Everything from the first line of the material to the line containing "Token - Good For 1 Vacuum", inclusive, must be given again exactly; no pictures, and nothing past that line.

------------------------------------------------------------------------

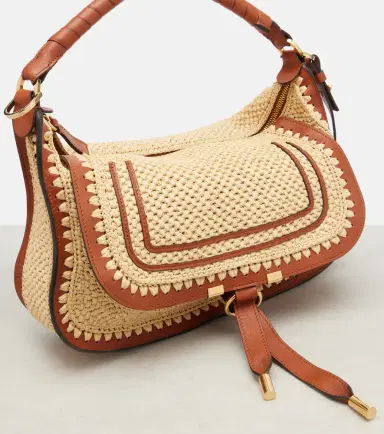 Chloé Chloé Marcie Small raffia-effect shoulder bag | Thumbnail 2 Chloé Chloé Marcie Small raffia-effect shoulder bag | Thumbnail 2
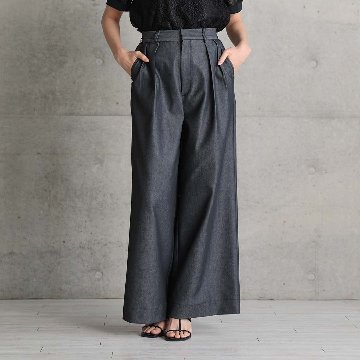 3月中旬～下旬お届け予定『Dress Denim』 Tuck pants 【全3色】の画像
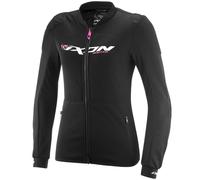 Felpa da motociclista da donna IXON Arma nero-bianco-rosa fluo M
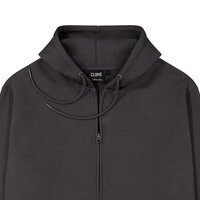 Rugged Casual Cotton Mix Hoodie Charcoal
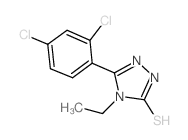 5-(2,4-二氯苯基)-4-乙基-4h-1,2,4-噻唑-3-硫醇结构式
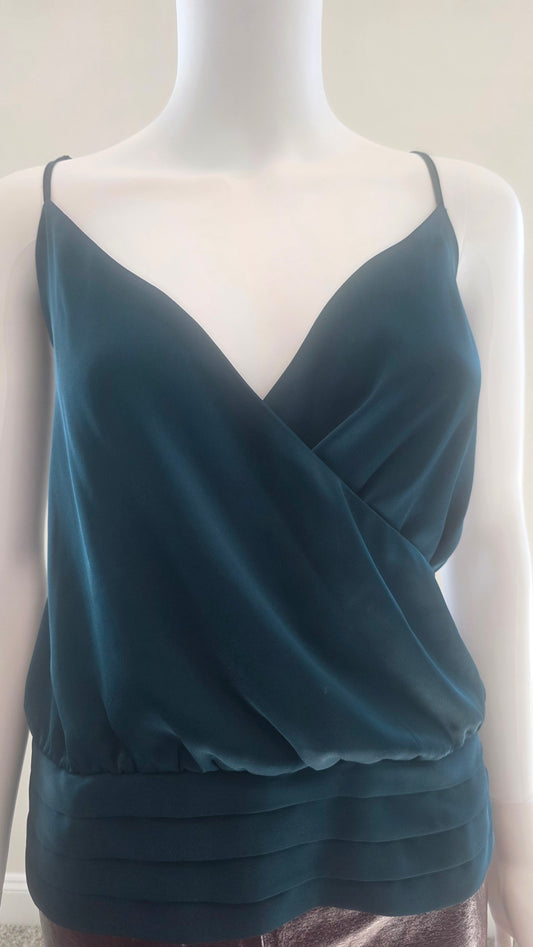 Express Emerald Green Surplice Cami Top – Size XL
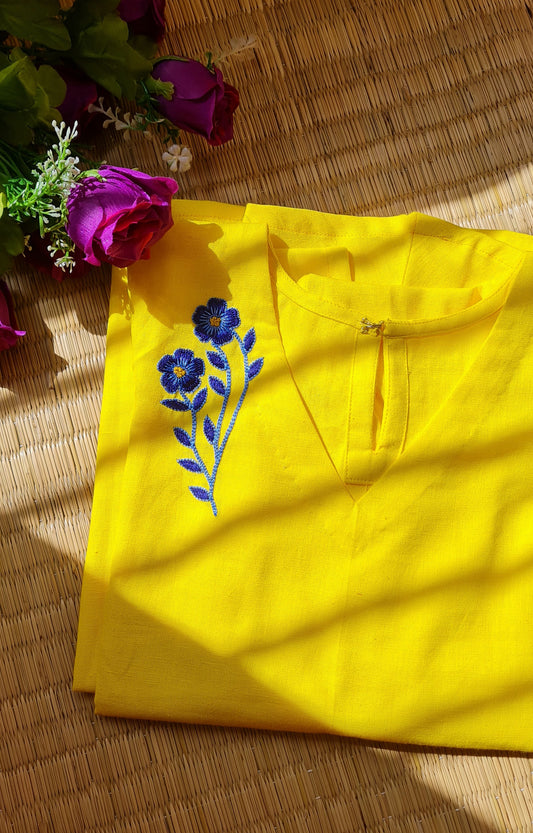 Blossoms of Subtlety: Minimal Floral Embroidery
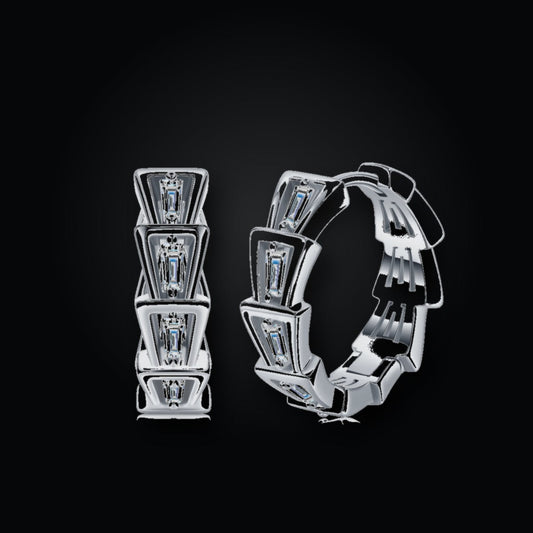 Iced Stud Earrings | Moissanite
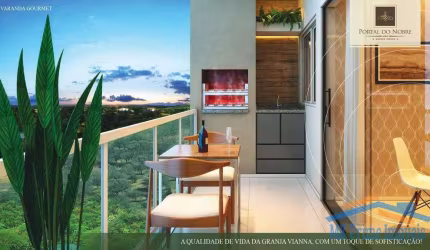 Lindo apartamento de 54m² com 2 dormitórios na Granja Viana.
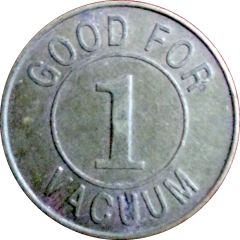 Token - Good For 1 Vacuum
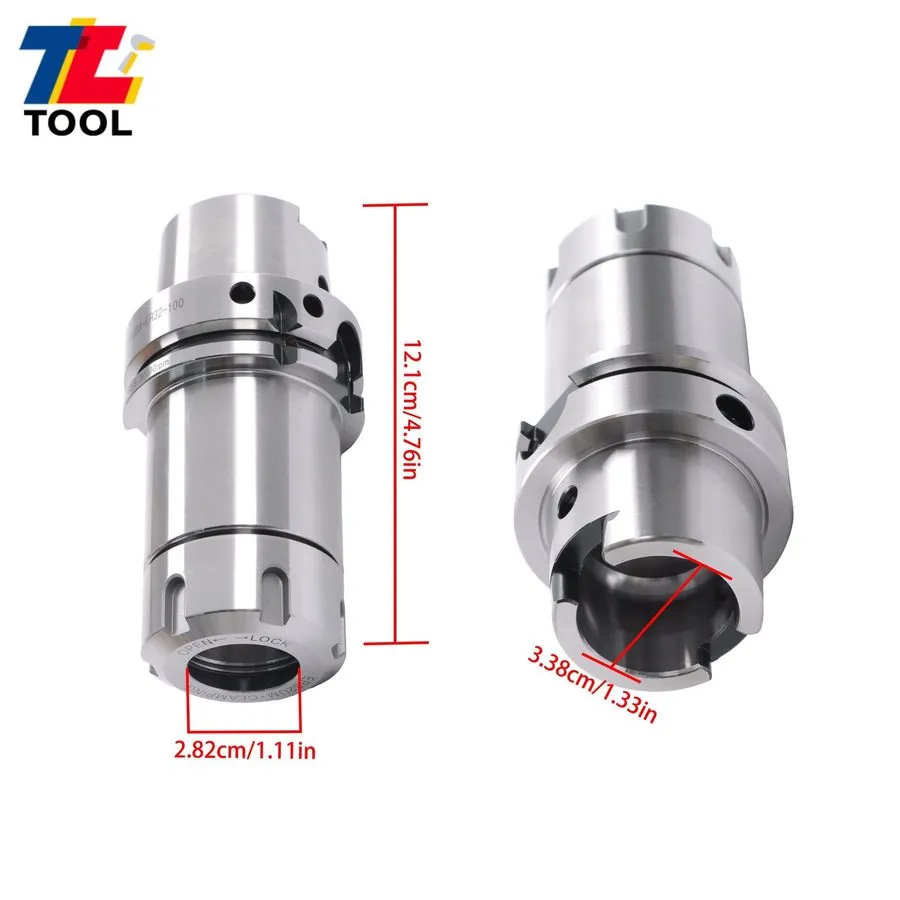 Режущий инструмент HSK63A ER32 100mm Collet Tool Holder G2.5 30000 RPM Industria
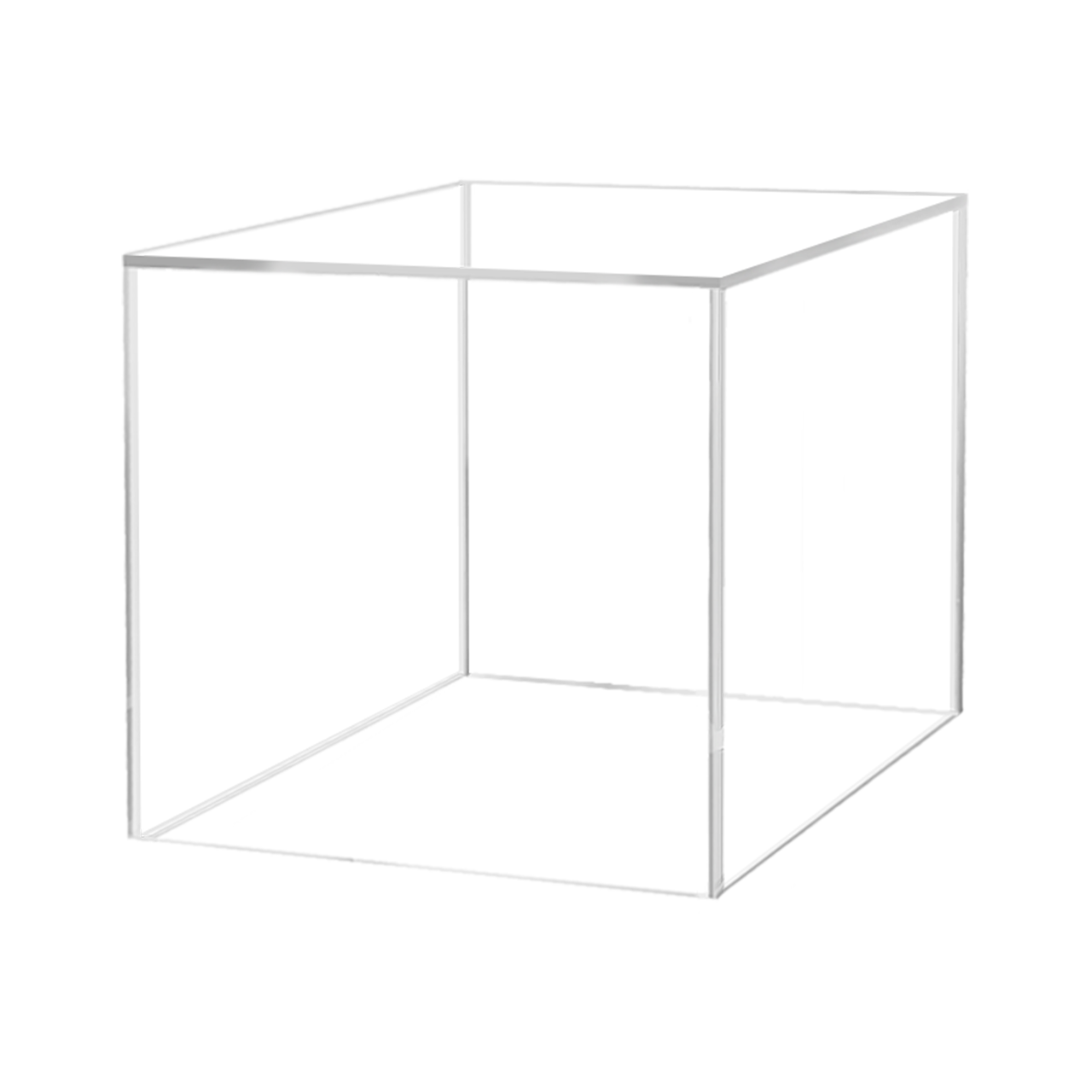 7" Square Acrylic Retail Display Box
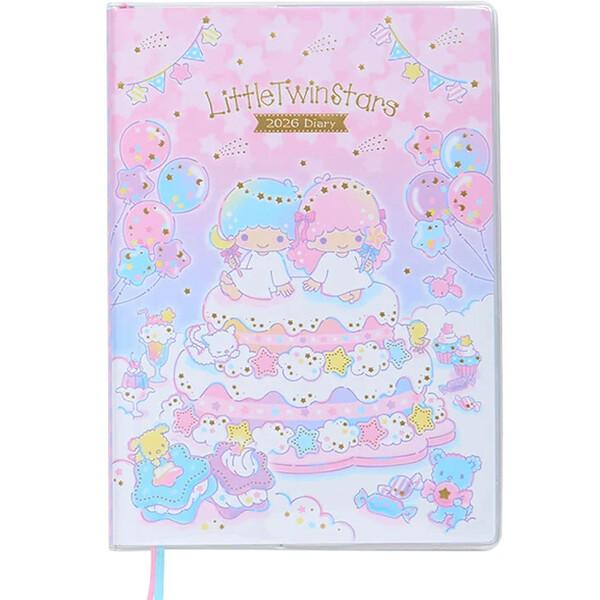 リトルツインスターズ 2026年 手帳 B6 ダイアリー ブロック 見開き1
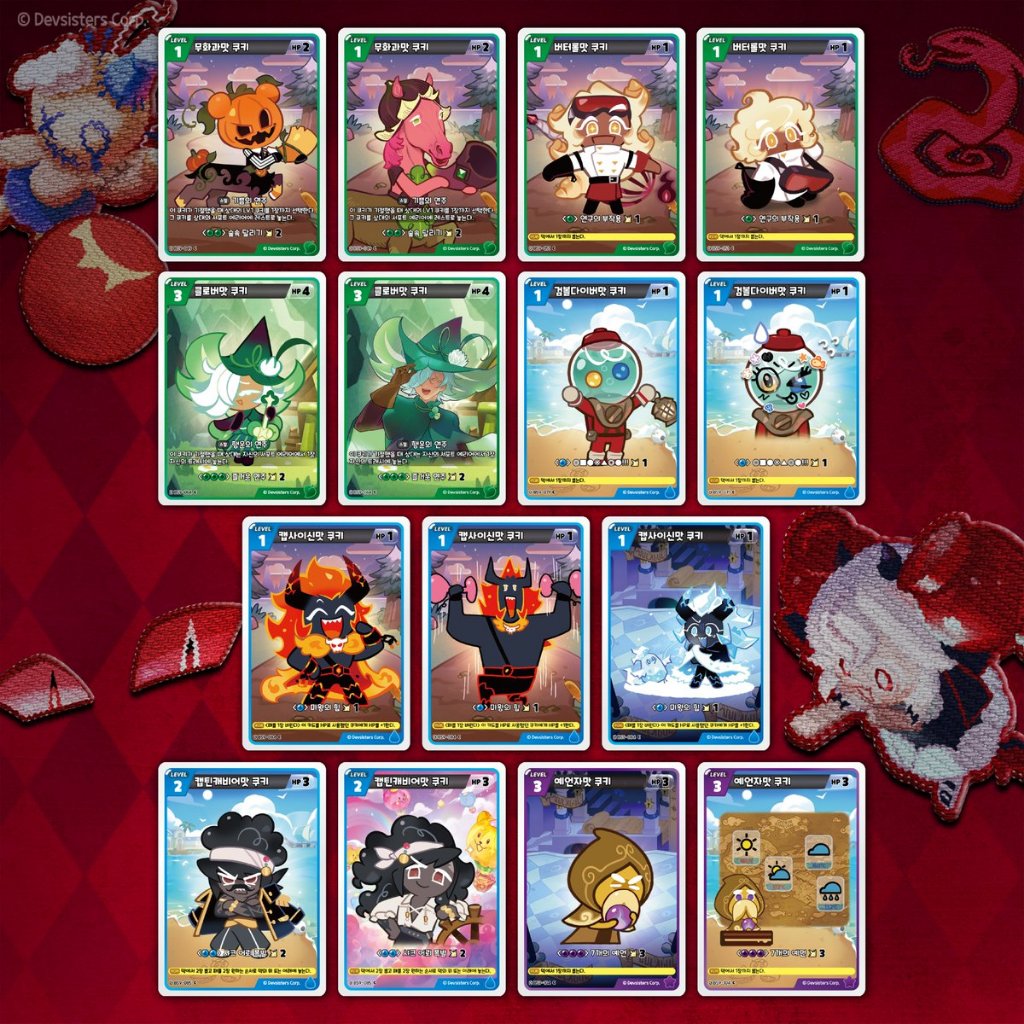 wk&TEAMトレカ 9枚セット Cookie Run Kingdom Braverse TCG Card Vol9 A Game of Truth and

------------------------------------------------------------------------

# [OUTPUT]
 Chloé Chloé Marcie Small raffia-effect shoulder bag | Thumbnail 2 Chloé Chloé Marcie Small raffia-effect shoulder bag | Thumbnail 2
 3月中旬～下旬お届け予定『Dress Denim』 Tuck pants 【全3色】の画像
 Felpa da motociclista da donna IXON Arma nero-bianco-rosa fluo M
 Rugged Casual Cotton Mix Hoodie Charcoal
 5-(2,4-二氯苯基)-4-乙基-4h-1,2,4-噻唑-3-硫醇结构式
 Express Emerald Green Surplice Cami Top – Size XL
 Blossoms of Subtlety: Minimal Floral Embroidery
 Iced Stud Earrings | Moissanite
 Lindo apartamento de 54m² com 2 dormitórios na Granja Viana.
 Token - Good For 1 Vacuum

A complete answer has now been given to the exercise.